Binary XML, Again

August 13, 2003

XML is Not Self-Describing

I dissent from several points of XML Orthodoxy because I am by nature, personal inclination, and experience, a dissident. But I also dissent reflexively, I suppose, because my intellectual training -- in religious studies and the philosophy of religion -- acquainted me well with the dynamics of orthodoxy, heterodoxy, and heresy, rather than, say, the dynamics of ADTs or just-in-time language compilation.
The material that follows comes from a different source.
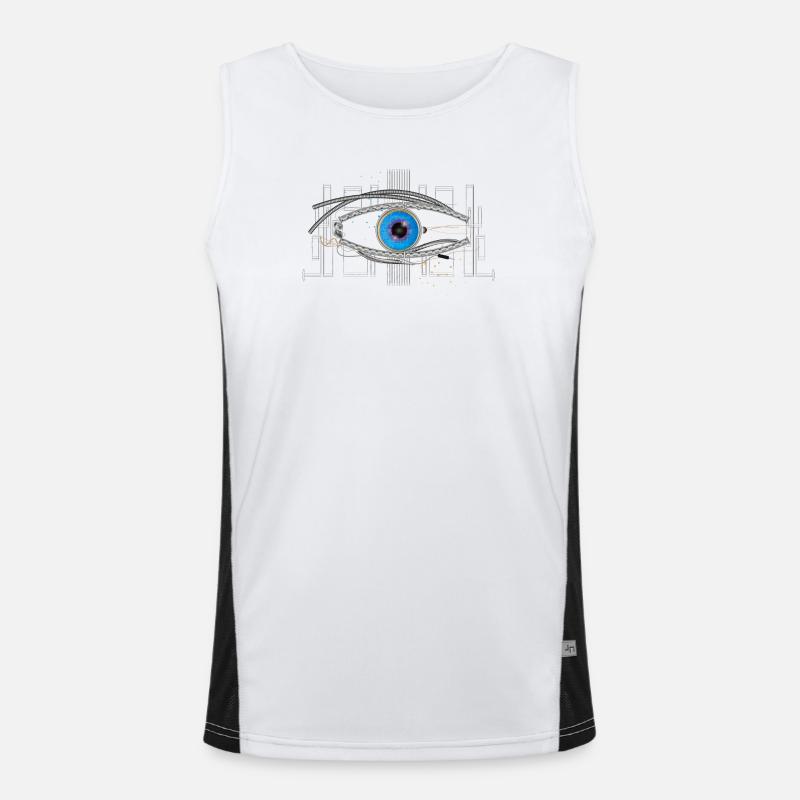 cooles blaues Cyborg oder Roboter Auge Funktionelles Kontrast-Tank Top für Männer 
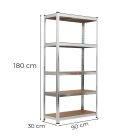 Nagy teherbírású polc 180x90x30 cm 175 kg króm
That's not to say that computer scientists are, on average, a conformist lot. Computer programmers, however, tend to be; but since that tendency arises as much from impersonal market forces as from individual personality quirks, I think we can let them, for the most part, slide. One specific locus of XML Orthodoxy that I have never professed is the idea that XML is "self-describing," which seems a rather grandiose and overly strong way of saying that one names XML containers. Well, I've read too much Wittgenstein (not to mention too much Aquinas, Meister Eckhart, and Julian of Norwich) to think that a name is necessarily a self-description.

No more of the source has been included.